I’m certain I read none of the page, but still knew what it said.


How Much Food Do You Need

Recently you may have seen a round of ‘earth from above’ pictures looping around the Internet.  Seems like we get a new batch of these every six or nine months.  A couple made it to my ‘inspire’ tag in my reader.  This is one:

I’ll serve up a bit of brainstorming for you rather than a disjointed ending-free story.

Unlike the Veleme, who are isolationistic, the people that live here are adventurous.  They could each live out their lives in complete solitude, but they choose to gather together to take advantage of each other.  Not in a survivalistic way but in a increasing our fortune kind of way.  It’s a gathering of striking individuals that suspend their individualism in this one place.  However, since they are such individuals the community could lose half it’s people and still survive because each one person is self sustaining.

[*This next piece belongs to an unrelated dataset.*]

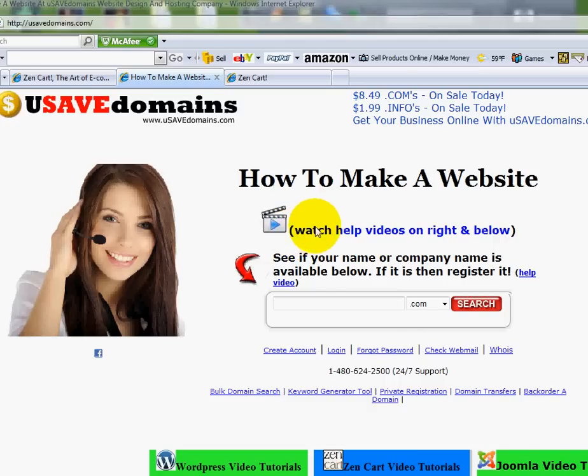Welcome back everybody. My name is Ryan and this is the eighth video in a series dealing with Zenkart, which is the software program that allows you to be able to sell products online.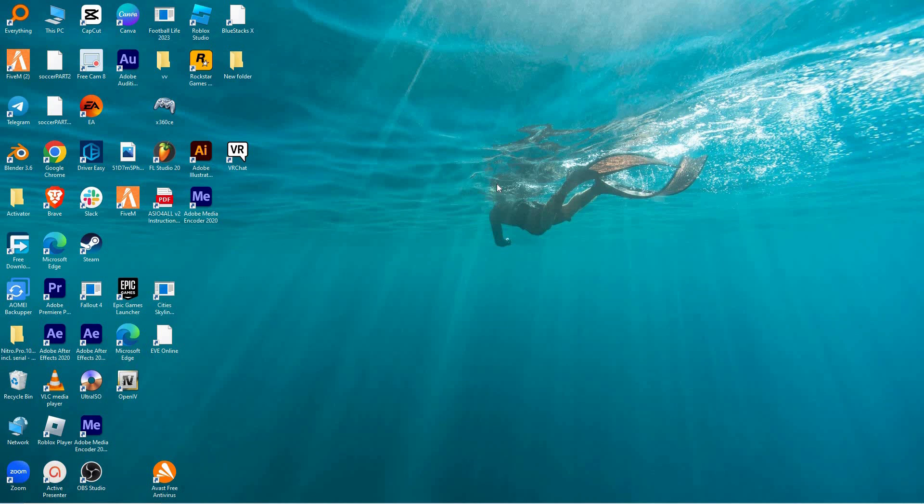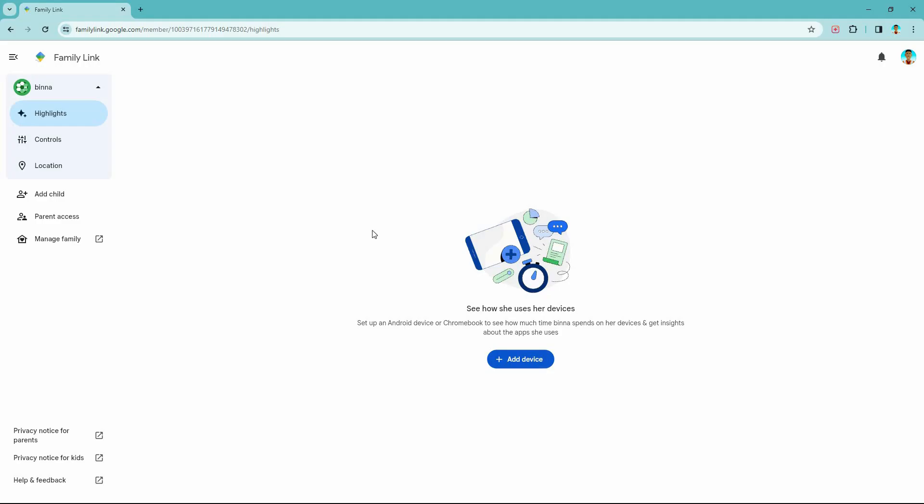It lets you set digital ground rules and provide a safer online environment for your kids as they explore the digital world. So open your Chrome browser and go to familylink.google.com.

For this reason they are perpetually misunderstood by other communities.  Other communities gather to give things up, to allow small groups within the community to perform tasks they are suited for.  Divers dive, soldiers protect, merchants sell, weavers weave.  These kinds of people—that kind that give things up to specialize—cannot understand a group that never needs to give things up to become a community.

Seasonally, probably Neap Tide, the sea level drops enough that only pockets of water remain surrounding the stilt houses.  At this time new houses grow and cleave to the existing ones while the existing ones get repaired.  This ought to either follow some very strict community rules or nearly none at all.  For these folks everything is either good or bad.  Done or not done might be a better way of putting it.  Actually maybe the best way to put it.  Here if you do something then it should have been done and if you don’t do a thing then it should not have been done.  That ought to make for some interesting perceptions on the part of neighbors.

OK so where’s the drama stem from then?  We’ll have to upset something.  Put someone in the community that cannot be an individual?  Someone so dependent on others it drags the rest down, cramps their style so to speak?  But what could do such a thing in a community of individuals existing in a rather relaxed anarchy?  How could one person’s desire/need/requirement for dependency be met with anything but bemused indifference?  Some kind of doomsday situation: if Bill dies, we all die.  So, what?  Bill explodes?  Has some magical disease?  Maybe Bill represents an unexpected dependency the people of this place hadn’t realized existed before.

I’m going to have to learn about equipment free diving and the ocean and living in and near salt water for this one.  Plus survival in an unusual niche.  Where do they get water and food and power?  How much technology does a place like this require (or disdain)?  If you show up with a propane stove will you be derided as some anti-traditionalist or a hero?  Begrudging respect?  Something like that could be a sign of dependence on others for propane.

What do these folks do for entertainment?  Are their lives so full of activity eking out a living that they crash in bed at the end of the day?  Wake early to get enough time to feed their family?  Thus there is no need for entertainment—no down time?  Or is food in the form of fish so abundant that they loaf around all day after a busy morning of fishing?  How many fish do you need to catch to support your family.